2018-03-07 3:45 GMT+01:00 Martin K. Petersen <martin.petersen@xxxxxxxxxx>:
Also, what kind of controller are these disks attached to? The reason
you see these messages is that to the kernel it looks like a legacy disk
device that predates capacities in the TB range. The warnings are logged
because we're surprised to be going down this path based on what the
device has previously told us.

Of course Martin's statement regarding the occurrence holds true.

It does not look like continuously flooding, but rather like a repetition at some not even high frequency. Do you have some user space periodically performing SCSI target or SCSI device rescans?
Each repetition is per drive, i.e. a junk of 5 messages in your case.

[    4.929517] sd 0:0:0:0: [sda] Very big device. Trying to use READ CAPACITY(16).

first occurrence after initial probing

[    4.933893] sd 0:0:0:0: [sda] Very big device. Trying to use READ CAPACITY(16).
[    4.946474] sd 0:0:0:0: [sda] Very big device. Trying to use READ CAPACITY(16).

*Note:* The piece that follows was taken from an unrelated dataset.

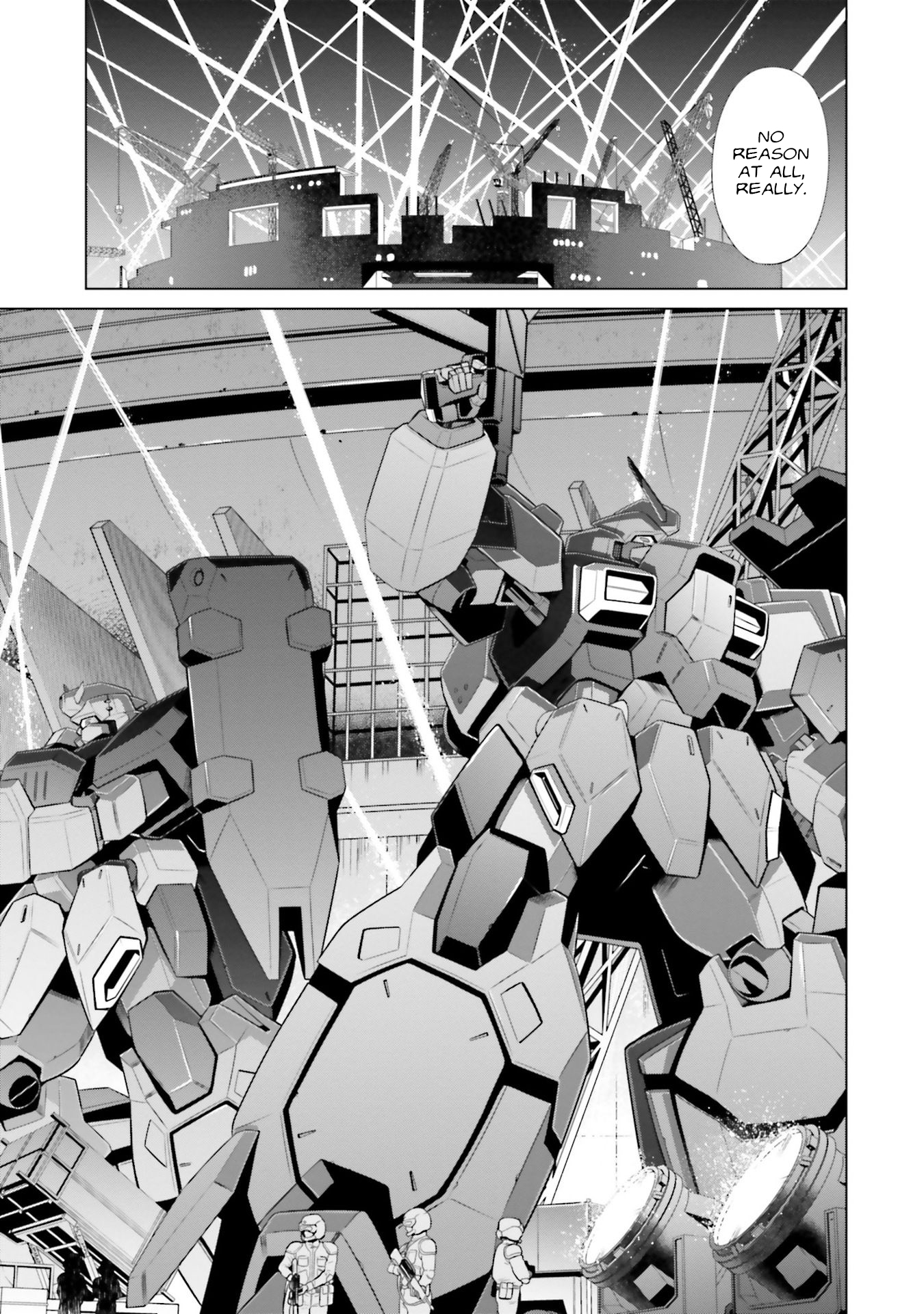 Mobile Suit Gundam F90 Ff Chapter 5 #5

looks like we go through the code path more than once during initial probing

[   99.057592] sd 0:0:0:0: [sda] Very big device. Trying to use READ CAPACITY(16).

[  409.335119] sd 0:0:0:0: [sda] Very big device. Trying to use READ CAPACITY(16).

[  719.760106] sd 0:0:0:0: [sda] Very big device. Trying to use READ CAPACITY(16).

[ 1018.089562] sd 0:0:0:0: [sda] Very big device. Trying to use READ CAPACITY(16).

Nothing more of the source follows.